PRAISE: Providing a roadmap for automated infection surveillance in Europe
van Mourik MS, van Rooden SM, Abbas M, Aspevall O, Astagneau P, Bonten MJ, Carrara E, Gomila-Grange A, de Greeff SC, Gubbels S, Harrison W, Praise Network
Introduction: Healthcare-associated infections (HAI) are among the most common adverse events of medical care. Surveillance of HAI is a key component of successful infection prevention programmes. Conventional surveillance - manual chart review - is resource intensive and limited by concerns regarding interrater reliability. This has led to the development and use of automated surveillance (AS). Many AS systems are the product of in-house development efforts and heterogeneous in their design and methods. With this roadmap, the PRAISE network aims to provide guidance on how to move AS from the research setting to large-scale implementation, and how to ensure the delivery of surveillance data that are uniform and useful for improvement of quality of care.
Methods: The PRAISE network brings together 30 experts from ten European countries.

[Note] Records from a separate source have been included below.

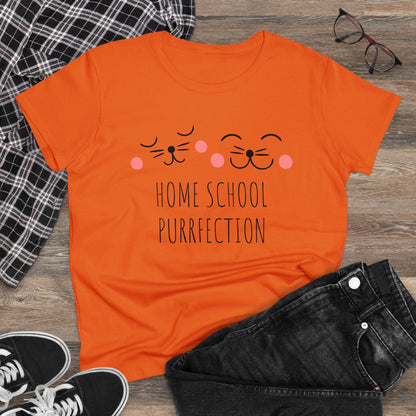 T-Shirt (Womens) - Home School Perfection | Semi Fitted | 100% Cotton | Funny, Witty, Sarcastic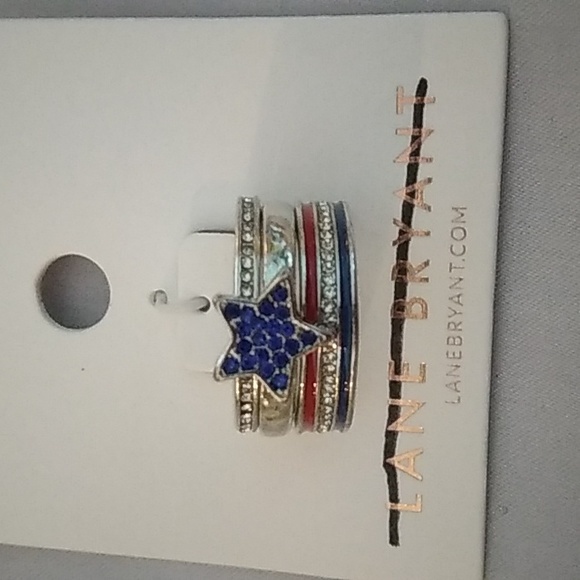 Lane Bryant Americana ring set - Picture 2 of 3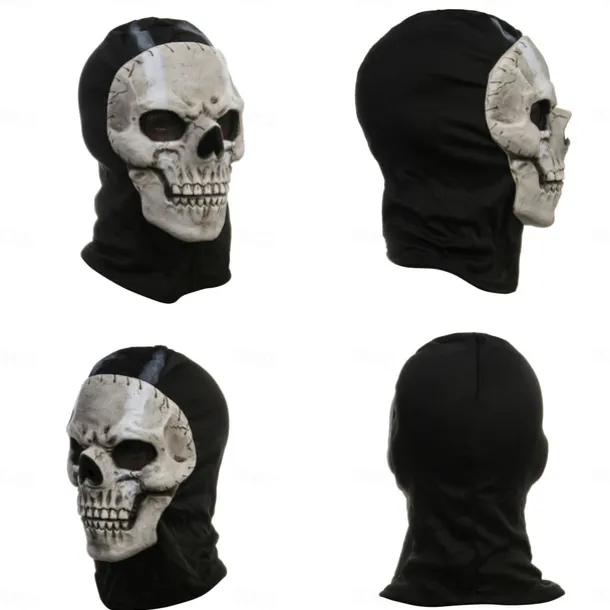 Halloween Call of Duty War Zone 2 Skull Mask Game Skeleton Ghost Mask Headgear Cosplay Halloween Decoration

This roadmap is based on the outcome of two workshops, teleconference meetings and review by an independent panel of international experts.

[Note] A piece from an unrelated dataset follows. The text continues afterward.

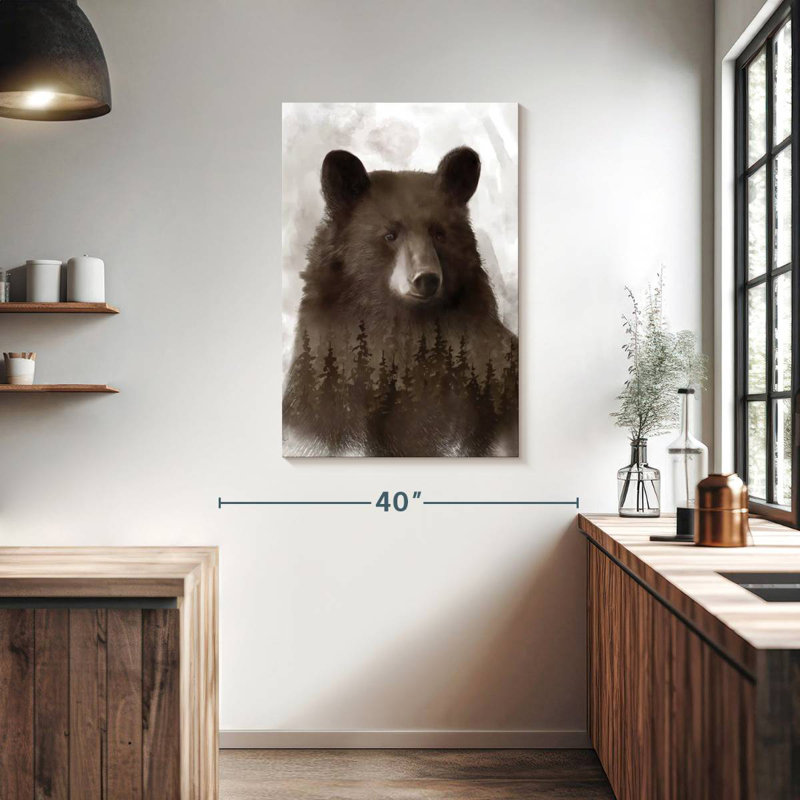 Brampt Brown Forest Bear, 39" H x 26" W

Results: This roadmap focuses on the surveillance of HAI within networks of healthcare facilities for the purpose of comparison, prevention and quality improvement initiatives. The roadmap does the following: discusses the selection of surveillance targets, different organizational and methodologic approaches and their advantages, disadvantages and risks; defines key performance requirements of AS systems and suggestions for their design; provides guidance on successful implementation and maintenance; and discusses areas of future research and training requirements for the infection prevention and related disciplines. The roadmap is supported by accompanying documents regarding the governance and information technology aspects of implementing AS.
Conclusions: Large-scale implementation of AS requires guidance and coordination within and across surveillance networks. Transitions to large-scale AS entail redevelopment of surveillance methods and their interpretation, intensive dialogue with stakeholders and the investment of considerable resources. This roadmap can be used to guide future steps towards implementation, including designing solutions for AS and practical guidance checklists.
Keywords: Automated; Bloodstream infection; Data; Electronic health record; Healthcare-associated infection; Quality; Surgical site infection; Surveillance.